◆ Task item
Please give the count of lines below that include "screen" and leave out everything else.

────────────────

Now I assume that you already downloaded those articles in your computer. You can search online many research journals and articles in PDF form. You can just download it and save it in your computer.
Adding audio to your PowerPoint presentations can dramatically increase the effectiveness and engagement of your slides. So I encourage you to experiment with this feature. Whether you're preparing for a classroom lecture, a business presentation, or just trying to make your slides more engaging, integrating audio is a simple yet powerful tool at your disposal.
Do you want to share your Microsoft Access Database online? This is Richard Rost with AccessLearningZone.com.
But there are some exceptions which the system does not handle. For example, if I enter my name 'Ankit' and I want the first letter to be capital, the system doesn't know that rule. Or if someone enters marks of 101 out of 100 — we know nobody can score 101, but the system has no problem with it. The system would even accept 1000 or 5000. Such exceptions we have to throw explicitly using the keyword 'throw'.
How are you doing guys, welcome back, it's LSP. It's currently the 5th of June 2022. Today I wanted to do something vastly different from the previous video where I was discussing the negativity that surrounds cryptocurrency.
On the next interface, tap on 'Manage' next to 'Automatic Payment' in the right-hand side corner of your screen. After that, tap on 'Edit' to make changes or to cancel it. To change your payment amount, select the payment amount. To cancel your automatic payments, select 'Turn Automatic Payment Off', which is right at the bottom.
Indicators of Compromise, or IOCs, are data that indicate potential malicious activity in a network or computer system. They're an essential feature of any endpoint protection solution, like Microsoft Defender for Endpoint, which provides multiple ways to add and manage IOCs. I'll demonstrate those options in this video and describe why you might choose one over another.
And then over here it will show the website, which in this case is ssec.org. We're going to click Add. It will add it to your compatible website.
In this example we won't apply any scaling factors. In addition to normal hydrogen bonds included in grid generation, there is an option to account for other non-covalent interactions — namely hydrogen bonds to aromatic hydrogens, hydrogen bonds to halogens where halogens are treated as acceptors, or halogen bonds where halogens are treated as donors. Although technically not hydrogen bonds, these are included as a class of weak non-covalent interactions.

────────────────

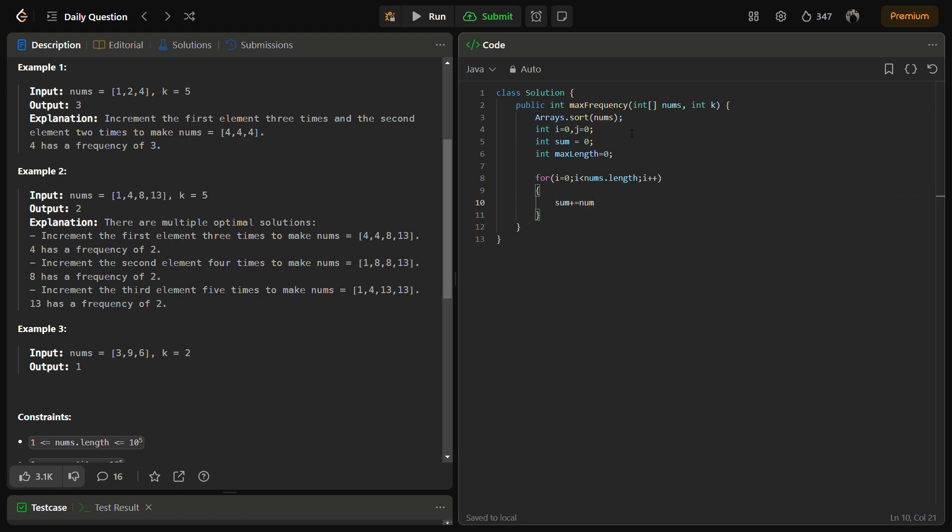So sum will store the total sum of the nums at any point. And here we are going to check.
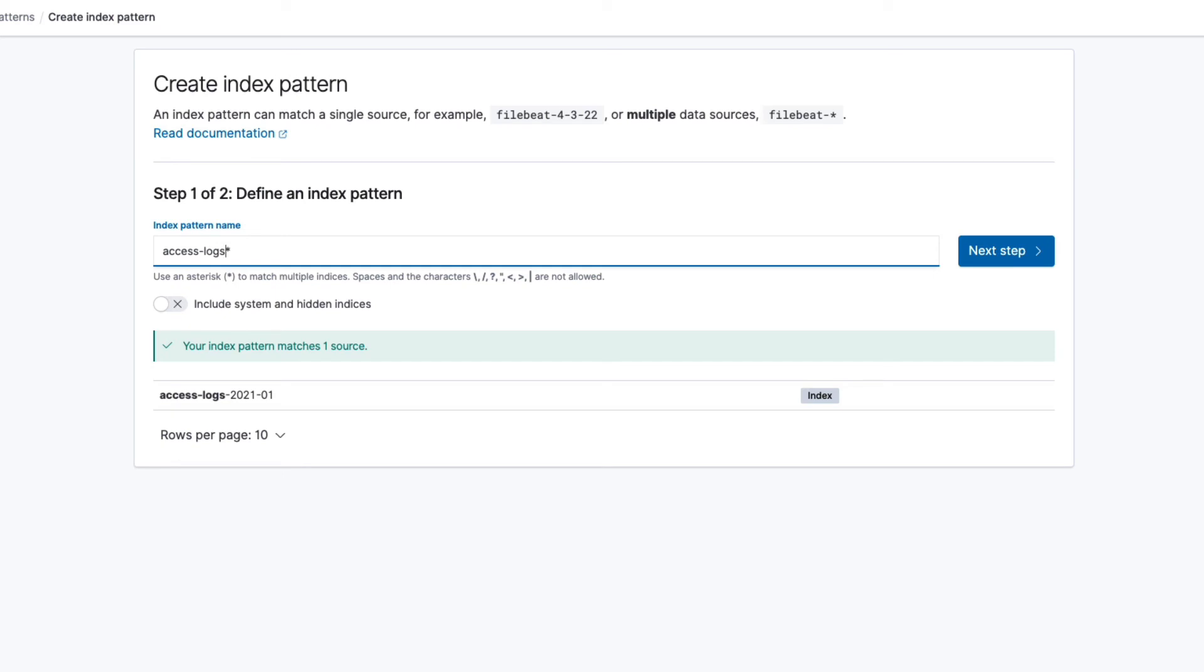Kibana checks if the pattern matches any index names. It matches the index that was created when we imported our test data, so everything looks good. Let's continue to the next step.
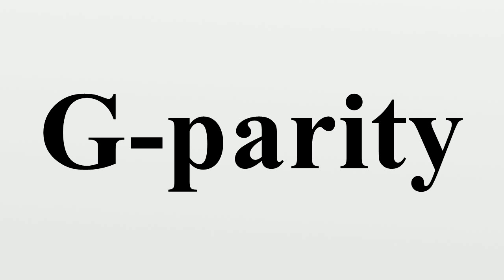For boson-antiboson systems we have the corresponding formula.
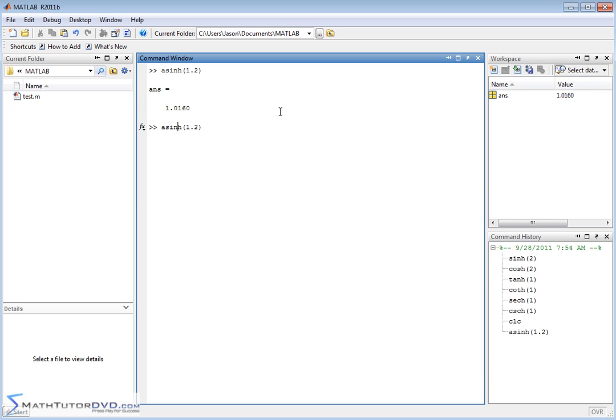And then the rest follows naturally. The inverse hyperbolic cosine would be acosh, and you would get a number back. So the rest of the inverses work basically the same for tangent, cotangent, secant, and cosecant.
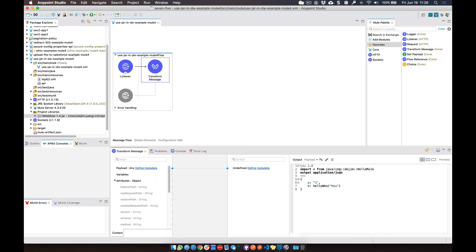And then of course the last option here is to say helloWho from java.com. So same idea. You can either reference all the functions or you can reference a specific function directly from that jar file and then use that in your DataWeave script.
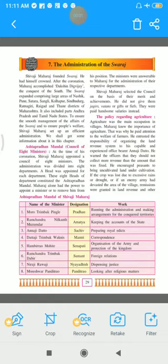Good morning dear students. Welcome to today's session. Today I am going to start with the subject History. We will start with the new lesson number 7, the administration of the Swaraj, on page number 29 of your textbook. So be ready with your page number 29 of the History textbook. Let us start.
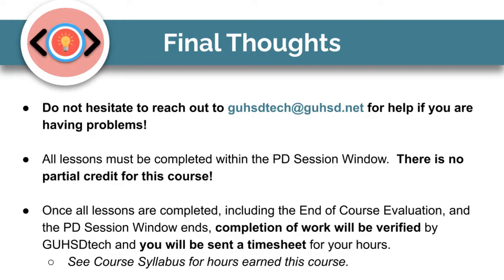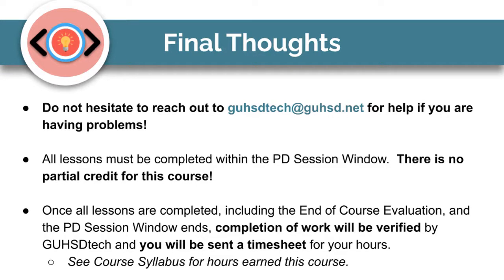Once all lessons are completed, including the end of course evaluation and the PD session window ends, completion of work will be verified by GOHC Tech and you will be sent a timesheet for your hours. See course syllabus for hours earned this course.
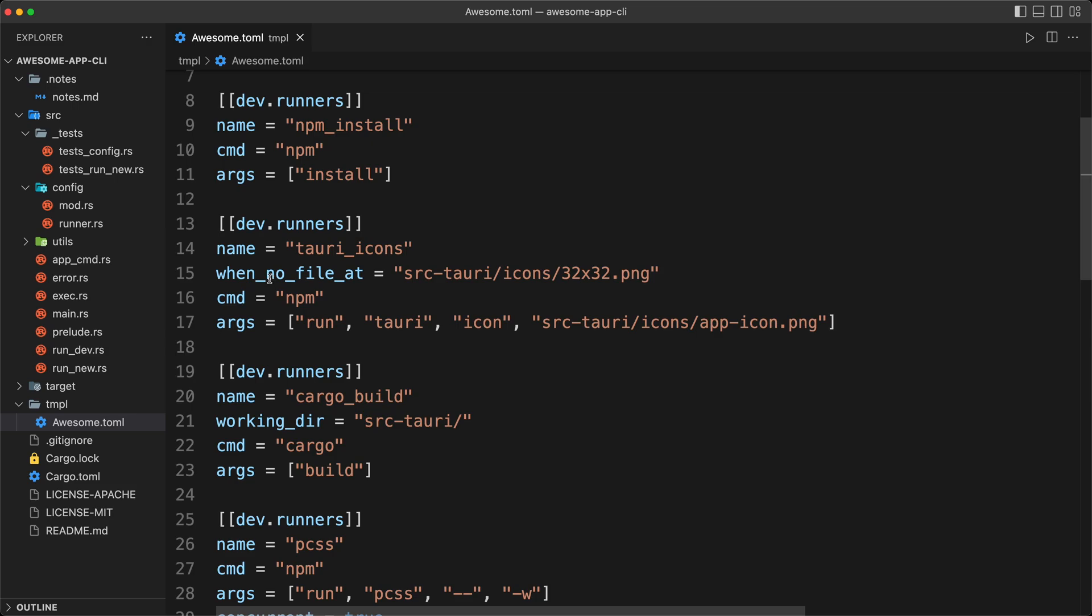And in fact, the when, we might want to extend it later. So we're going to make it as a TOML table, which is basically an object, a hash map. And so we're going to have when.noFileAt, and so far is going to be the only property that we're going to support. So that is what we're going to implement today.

────────────────

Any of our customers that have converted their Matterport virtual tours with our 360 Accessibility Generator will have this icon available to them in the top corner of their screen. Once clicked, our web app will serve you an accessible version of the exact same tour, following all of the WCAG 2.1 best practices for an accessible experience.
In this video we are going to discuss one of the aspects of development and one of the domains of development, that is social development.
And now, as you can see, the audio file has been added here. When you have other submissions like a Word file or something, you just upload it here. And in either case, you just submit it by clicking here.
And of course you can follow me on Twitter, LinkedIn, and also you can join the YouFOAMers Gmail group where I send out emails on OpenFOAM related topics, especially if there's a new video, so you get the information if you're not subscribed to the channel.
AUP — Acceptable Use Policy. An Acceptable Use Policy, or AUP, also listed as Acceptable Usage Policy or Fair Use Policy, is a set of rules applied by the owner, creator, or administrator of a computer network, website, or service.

────────────────

◆ Response to this task
2